In [3]:
import os
from pathlib import Path
from dotenv import load_dotenv

cwd = Path.cwd()
# Load dotenv into sys PATH
dotenv_file = cwd / "../../example/.env"
assert dotenv_file.is_file()
load_dotenv(dotenv_file)

True

In [5]:
import pandas as pd
csv_file = r"../../example/gbif_example\0026013-240906103802322\0026013-240906103802322.csv"
coff_dl_df = pd.read_csv(csv_file, sep='\t')

In [6]:
df = coff_dl_df.loc[coff_dl_df["taxonRank"] == "SPECIES"]
df = df.loc[:, ["verbatimScientificName", "decimalLongitude", "decimalLatitude", "year"]]
df = df.reset_index().drop(columns="index")
df["specimen_id"] = df.apply(lambda row: f"{row['verbatimScientificName']}_{row.name}", axis=1)
df["specimen_id"] = df["specimen_id"].str.strip("Coffea ")
df.columns = ["genus_species", "longitude", "latitude", "year", "specimen_id"]
df.head()

Unnamed: 0,genus_species,longitude,latitude,year,specimen_id
0,Psilanthus brassii,0.0,0.0,1967.0,Psilanthus brassii_0
1,Psilanthus brassii,147.333333,-9.333333,1967.0,Psilanthus brassii_1
2,Psilanthus brassii,146.5,-8.783333,1933.0,Psilanthus brassii_2
3,Coffea arabica,0.0,0.0,1928.0,rabica_3
4,Coffea arabica Linnaeus,167.425,-22.658333,1981.0,rabica Linnaeus_4


In [7]:
# Last 6 years
df_2018_p = df.loc[df["year"] > 2018]
print(len(df_2018_p))

3927


In [8]:
import sys
import os
import re
import pandas as pd

# Assuming df_2018_p is already defined
df_gbif = df_2018_p[['specimen_id', 'longitude', 'latitude']].copy()  # Use .copy() to avoid warnings
df_node = pd.read_csv(r"..\input\node_names.csv")

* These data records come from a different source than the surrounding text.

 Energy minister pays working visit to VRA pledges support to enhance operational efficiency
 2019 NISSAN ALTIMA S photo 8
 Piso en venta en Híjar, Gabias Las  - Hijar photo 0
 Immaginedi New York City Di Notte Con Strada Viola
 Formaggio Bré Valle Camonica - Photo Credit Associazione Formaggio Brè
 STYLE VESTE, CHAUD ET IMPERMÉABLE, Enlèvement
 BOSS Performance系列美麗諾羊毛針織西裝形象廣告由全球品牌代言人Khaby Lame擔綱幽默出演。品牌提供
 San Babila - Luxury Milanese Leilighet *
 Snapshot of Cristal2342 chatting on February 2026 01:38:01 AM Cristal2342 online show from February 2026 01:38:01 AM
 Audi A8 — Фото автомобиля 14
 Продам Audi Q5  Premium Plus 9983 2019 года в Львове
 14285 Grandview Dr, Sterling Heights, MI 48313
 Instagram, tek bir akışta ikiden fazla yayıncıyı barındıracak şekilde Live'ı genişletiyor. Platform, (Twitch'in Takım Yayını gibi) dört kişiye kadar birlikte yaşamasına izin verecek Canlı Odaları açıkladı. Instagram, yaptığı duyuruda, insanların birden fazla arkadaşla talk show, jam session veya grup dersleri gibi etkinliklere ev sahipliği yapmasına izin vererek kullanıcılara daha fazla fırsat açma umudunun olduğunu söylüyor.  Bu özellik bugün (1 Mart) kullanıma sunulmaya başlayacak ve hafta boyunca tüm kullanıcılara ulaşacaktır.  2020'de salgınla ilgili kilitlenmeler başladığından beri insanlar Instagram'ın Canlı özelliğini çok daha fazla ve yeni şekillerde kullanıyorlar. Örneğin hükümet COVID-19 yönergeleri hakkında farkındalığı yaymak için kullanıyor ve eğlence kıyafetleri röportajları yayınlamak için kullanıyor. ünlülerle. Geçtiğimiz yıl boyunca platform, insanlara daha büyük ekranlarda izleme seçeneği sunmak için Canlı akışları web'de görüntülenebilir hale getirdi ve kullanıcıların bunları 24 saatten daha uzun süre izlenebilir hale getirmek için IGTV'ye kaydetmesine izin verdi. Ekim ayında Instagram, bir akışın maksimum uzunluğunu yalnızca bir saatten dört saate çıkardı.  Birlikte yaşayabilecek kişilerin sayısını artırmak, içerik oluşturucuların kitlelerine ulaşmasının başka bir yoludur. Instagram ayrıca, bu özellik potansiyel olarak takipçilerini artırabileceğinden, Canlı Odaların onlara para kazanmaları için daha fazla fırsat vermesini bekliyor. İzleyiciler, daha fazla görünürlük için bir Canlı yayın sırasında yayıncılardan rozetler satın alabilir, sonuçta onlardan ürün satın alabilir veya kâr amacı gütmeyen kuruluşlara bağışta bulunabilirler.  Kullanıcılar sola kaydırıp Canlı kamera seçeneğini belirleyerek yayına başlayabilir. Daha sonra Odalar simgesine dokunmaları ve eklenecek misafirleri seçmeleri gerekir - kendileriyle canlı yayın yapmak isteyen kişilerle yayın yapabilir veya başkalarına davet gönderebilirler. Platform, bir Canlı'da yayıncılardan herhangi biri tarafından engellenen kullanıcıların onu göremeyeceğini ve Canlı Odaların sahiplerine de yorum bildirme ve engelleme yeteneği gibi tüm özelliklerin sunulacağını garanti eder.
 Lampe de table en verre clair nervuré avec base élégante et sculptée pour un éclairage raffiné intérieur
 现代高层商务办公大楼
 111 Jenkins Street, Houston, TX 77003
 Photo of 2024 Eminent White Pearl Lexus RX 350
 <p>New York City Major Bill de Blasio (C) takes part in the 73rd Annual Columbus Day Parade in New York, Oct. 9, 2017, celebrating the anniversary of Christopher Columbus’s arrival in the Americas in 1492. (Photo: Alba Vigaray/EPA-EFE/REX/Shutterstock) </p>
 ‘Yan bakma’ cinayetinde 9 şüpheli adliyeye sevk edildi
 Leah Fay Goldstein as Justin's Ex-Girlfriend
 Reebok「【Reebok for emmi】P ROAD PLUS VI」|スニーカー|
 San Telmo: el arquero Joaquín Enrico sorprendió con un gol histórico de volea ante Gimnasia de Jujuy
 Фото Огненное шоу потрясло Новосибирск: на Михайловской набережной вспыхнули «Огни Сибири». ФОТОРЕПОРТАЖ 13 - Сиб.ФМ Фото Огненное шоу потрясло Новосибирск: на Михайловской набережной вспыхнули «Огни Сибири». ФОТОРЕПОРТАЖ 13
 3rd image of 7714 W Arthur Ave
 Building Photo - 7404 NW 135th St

# Function to extract part of the specimen_id for matching
def extract_name(specimen_id):
    # Use regex to extract pattern (e.g., everything before the underscore)
    return re.sub(r'_\d+', '', specimen_id)

# Apply extraction function to both DataFrames
df_gbif.loc[:, 'key'] = df_gbif['specimen_id'].apply(extract_name)  # Use .loc to avoid SettingWithCopyWarning
df_node.loc[:, 'key'] = df_node['Node Name'].apply(lambda x: re.sub(r'^C_|_[\dA-Za-z]+$', '', x))

# Create a dictionary for mapping key to Node Name
mapping = df_node.set_index('key')['Node Name'].to_dict()

# Map the Node Name into a new column in df_gbif
df_gbif.loc[:, 'Node Name'] = df_gbif['key'].map(mapping)

# Drop the key column (optional)
df_gbif.drop(columns='key', inplace=True)

# Drop rows where 'Node Name' is NaN
df_gbif.dropna(subset=['Node Name'], inplace=True)

# Select the final columns
df_new = df_gbif[['Node Name', 'longitude', 'latitude']].copy()

# Renaming columns
df_new.rename(columns={'Node Name': 'specimen_id'}, inplace=True)

# Save the DataFrame to a new CSV
base_name, extension = os.path.splitext(csv_file)
formatted_csv_file = base_name + '_formatted' + extension
df_new.to_csv(formatted_csv_file, index=False)

print(f"Data saved to {formatted_csv_file}")


Data saved to ../../example/gbif_example\0026013-240906103802322\0026013-240906103802322_formatted.csv


In [11]:
import pandas as pd

input_file = r'..\input\0026013-240906103802322_formatted.csv'
caffeine_file = r'..\input\no_caffeine_nodes_w_specimen.csv'

def add_caffeine(input_file, caffeine_file):
    
    gbif_df = pd.read_csv(input_file)
    node_names_df = pd.read_csv(caffeine_file)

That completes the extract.